Data / Hiring

How a Baltimore company brings big data to the hiring process

Pegged Software President Myra Norton says job applications create tens of thousands of variables. Her company builds systems to help other firms whittle down their applicant pools.

Myra Norton, president of Arena. (Photo via YouTube)

Using an algorithm to determine employee promotions might sound like an idea that an analytics-obsessed, egalitarian company like Google would be on board with.
But when it came time to run the numbers and see who would get a better job, Google’s engineers had second thoughts. 
“They took it to the engineering leaders, and they said, ‘No, we don’t want an algorithm,’” Myra Norton told the crowd at a Data Science Maryland meetup on Tuesday night. “They said, ‘We want to be the one to make that decision,’” rather than appearing that they are hiding behind numbers.
I mean, would you want to be hired via algorithm?
The episode illustrates the tug between modeling programs and human impulses at the heart of using data science during the hiring process, said Norton, the president and COO of Baltimore-based Pegged Software.
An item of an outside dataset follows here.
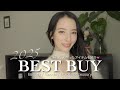 【2025ベストバイ】暮らしのQOLが上がる💕本当に買ってよかったアイテムたち！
The company works mostly with hospitals, where the ability to make a personal connection is often a necessary part of the job, and hiring is sometimes based on a “gut feel.”
“It’s this feeling,” Norton said. “An algorithm can’t tell me who’s going to be the best person for this job.”
Still, Pegged Software is one of a few companies using data analysis to help whittle down the application pool.
“The way the hiring process works, you may have hundreds of applications for a single position, so the question is, how are you taking that field of applicants and narrowing it down?” Norton said. 
Pegged Software’s screening process aims to collect data to illustrate how a person will fit in to a job, as well as the company’s culture and workflow. The process collects data from resumes, applications and metadata.
That metadata is gathered through puzzles and timed tests presented to job applicants. Often, the metadata isn’t based on whether the problem was done right, but how the person moved through it. 
The process produces tens of thousands of variables, Norton said. And that’s without two types of data that don’t get inputted: info like age, race and ethnicity, and info from social media. The former is designed to produce a more merit-driven hiring process, and effectively works as a correction against the tendency of employers to hire people who are more like them. The company chose not to use social media for ethical reasons — and because it’s illegal in more than 15 states.
The data that is collected is used to develop a “Fitness Index,” which is designed to determine the “probability that a candidate will be a high performer over time in a particular organization or department,” according to company literature. The companies who are hiring then select from a list of candidates that are determined to be the best fit. That’s when the traditional interview process comes into play. 
Norton believes the process works because they aren’t only relying on metrics.
A big part of what Pegged does is work with the companies to define the positive outcomes of their hiring processes. At hospitals, one such outcome has been reducing turnover among the workforce. In the second year of using the Pegged model at one institution, the hospital reduced turnover by over 60 percent.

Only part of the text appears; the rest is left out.